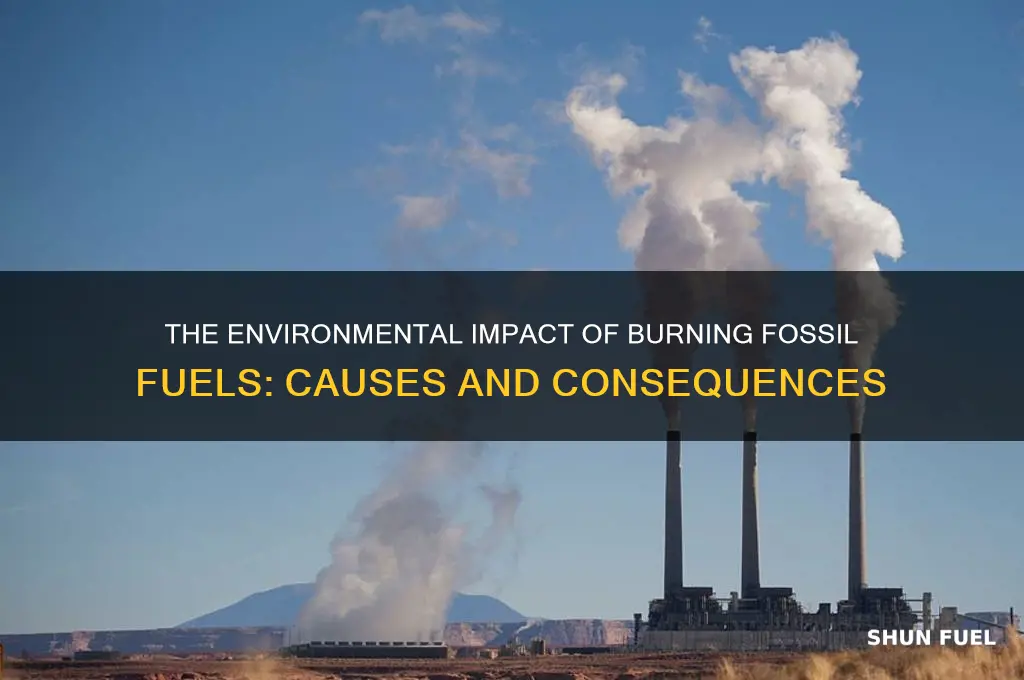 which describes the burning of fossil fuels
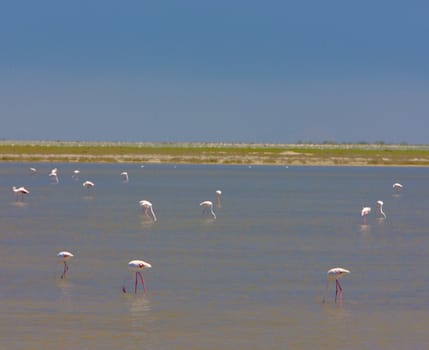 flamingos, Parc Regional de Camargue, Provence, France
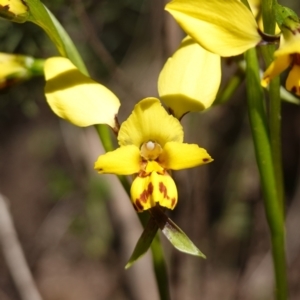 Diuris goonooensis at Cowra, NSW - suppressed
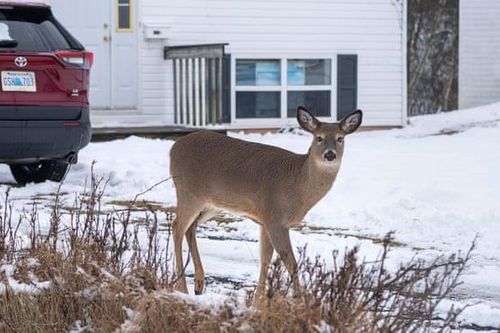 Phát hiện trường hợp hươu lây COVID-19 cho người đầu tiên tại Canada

══════

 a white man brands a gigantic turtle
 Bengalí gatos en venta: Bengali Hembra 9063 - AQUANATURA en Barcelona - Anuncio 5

══════

What to do:
Copy out exactly the material that runs from the line with "which describes the burning of fossil fuels" to the line with "Phát hiện trường", ends included, and leave the pictures behind.

Task result:
 which describes the burning of fossil fuels
 flamingos, Parc Regional de Camargue, Provence, France
 Diuris goonooensis at Cowra, NSW - suppressed
 Phát hiện trường hợp hươu lây COVID-19 cho người đầu tiên tại Canada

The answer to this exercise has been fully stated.